McIlroy vows to lighten up and get out of his own way

McIlroy vows to lighten up and get out of his own way

Simon Lewis at Ballyliffin

Eleven starts. One victory. Five missed cuts.

It has been a mixed bag for Rory McIlroy, this Dubai Duty Free Irish Open and when the tournament host tees off at 1:20pm today in the opening round of the 2018 edition, the four-time major champion will look to roll back the clock to more carefree days in order to regain the national Open title he won at the K Club in 2016.

Now 29 and married,

McIlroy cuts a mature figure as he surveys the European Tour event he helped put back on the map and which he is proud to say is the biggest tournament of the week, the quality of the field in terms of world rankings outstripping its PGA Tour counterpart at the Greenbrier even if the $7m (€6m) prize fund here in this Rolex Series event is marginally smaller than the $7.3m (€6.2m) on offer in West Virginia.

It is an achievement every bit as impressive as the four major titles on his resumé yet four years removed from the most recent, the 2014 PGA Championship, and three months on from final-day disappointment at the Masters, McIlroy feels he needs to lighten up if he is to claim more of golf’s biggest prizes, including his national Open.

His problem has been trying too hard and despite saying he would not lose sleep if he never won another major, the Irishman believes he has yet to reach his potential and letting go may be the key to maximising that rare talent.

“I think you always have to be willing to feel in order to succeed,” McIlroy said yesterday. “I think the way I’ve approached the game at some times this year, I haven’t been willing to, I’ve been sort of too careful and I haven’t been willing to hit the right shot or hit driver when I need to be aggressive.

“So yeah, I think just being a little more carefree.

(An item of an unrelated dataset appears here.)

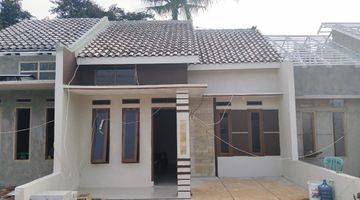 Gambar 2 Rumah Ready Murah 185jt Streategis Akses Mobil di Bojong Gede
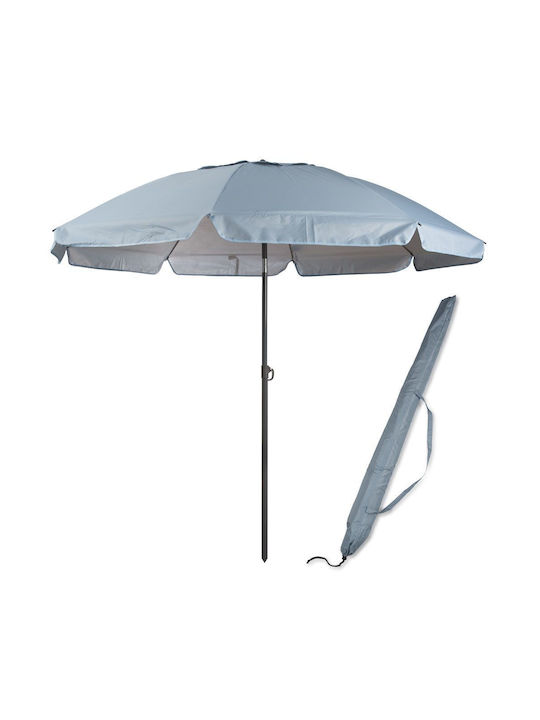 Σεζλόνγκ DTX-11 Ξύλινη μπλε-γκρι 2τμχ 85x60x91cm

That sounds bad.

“I don’t want to be carefree but I think that’s the way I play my best golf and if I can get back to that freewheeling, carefree approach, that will do me a world of good.”

Augusta in April saw him play well enough to make the final group on the last day of the Masters but fail to bridge the three-shot gap to 54-hole leader Patrick Reed and instead finish tied for fifth, six shots back.

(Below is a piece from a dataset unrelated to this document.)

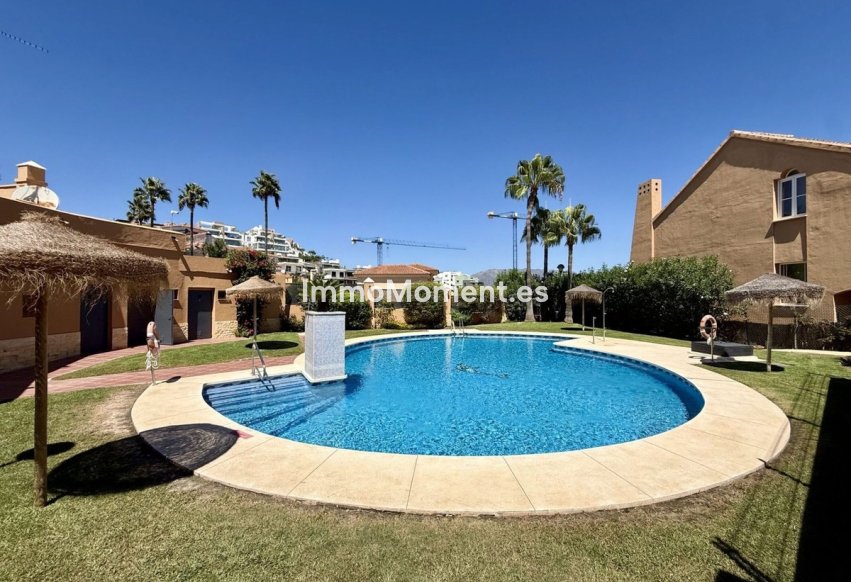 Resale - Townhouse - Mijas Costa - Riviera Del Sol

“He insisted he has learned his lesson to ensure that does not happen again should he find himself in the same situation in the Open at Carnoustie in two weeks.

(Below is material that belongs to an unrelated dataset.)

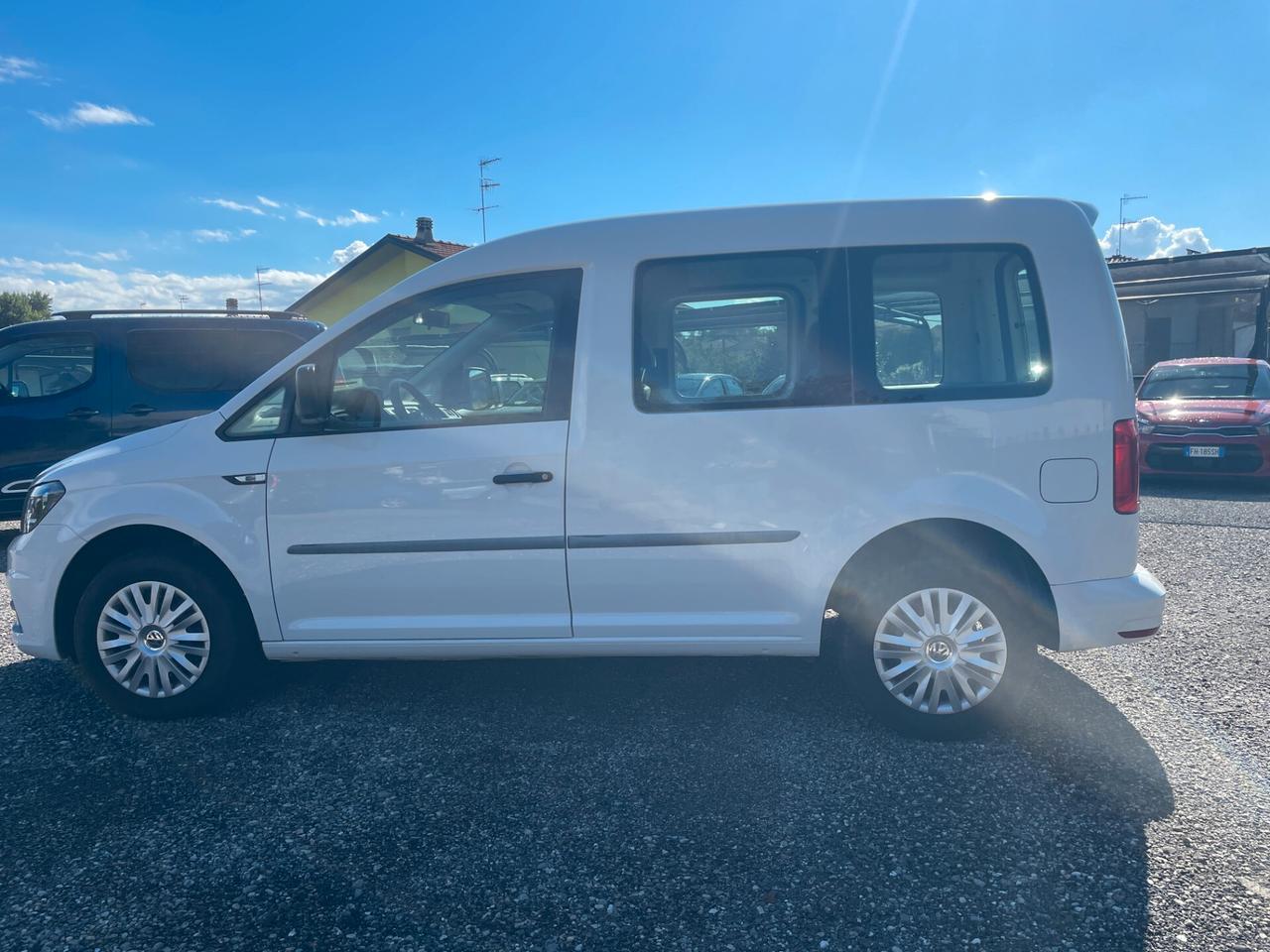 Volkswagen Caddy 2.0 TDI 75 CV Trendline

“Yeah, not be careful. Not try to be too perfect. Not try to control things that you can’t control. Just go out and play your game.

“You know, get out of your own way, I guess. That’s the one thing that I need to do better, and it’s more a mental thing rather than anything physical. I just have to approach it better mentally.

“I think as you get older; it’s natural as humans and your natural instinct to become a little more careful. Like you take way more risks when you’re a teenager than you do in your 20s than you would do in your 30s and it’s only natural to be that way, not just in golf but life in general. I just need to get back to playing the game like I was a teenager.”

McIlroy knows he has the potential to add to his already Hall of Fame-bound career and after a decade on Tour feels better equipped to fulfil it.

“I’d like to think all the experience that I’ve gained over the past 10 years of being a pro will only help me be a better player going forward. Everything that I’ve done over those past few years, as long as I put the adequate time in to maintaining the physical side of the game in terms of being able to hit the ball well and do all that stuff, you know, with all the experience I’ve gained, I feel I’ll be better equipped to handle certain situations.

“So I feel like it can only be an advantage, so that’s why I think that, you know, I’ve done so well. I’ve done well so far to get to this point. There is more left in the tank, but I’m not having nightmares about if it doesn’t happen.

“It’s more that I think people don’t understand how mental the game is. I feel if my mental approach to the game can just be better, I think that could make the world of difference. Because I know, okay, maybe I can become a little more consistent in some areas but it’s not as if I lack the ability to play the certain shots."

“I feel like I’ve got every shot that I will ever need. It’s just about maybe doing it on a more consistent basis, but I feel the way to be able to do that on a more consistent basis is to be able to put your mind in a frame where it allows you to do that. So that’s sort of where I’m getting at.”

How he gets to that point will be the next challenge for McIlroy and this week’s Irish Open may point the way but he is determined to find the answers.

“I’ll always reach out to someone if I feel like there’s something I need or I have a question,” he said. “I think it’s more just looking within yourself and trying to figure out what you need to do.”

Perhaps aware that he had bared his soul a little too openly, McIlroy joked: “Gone very deep there for a while, sorry,” leaving his audience with a smile that suggested he is already on the right track.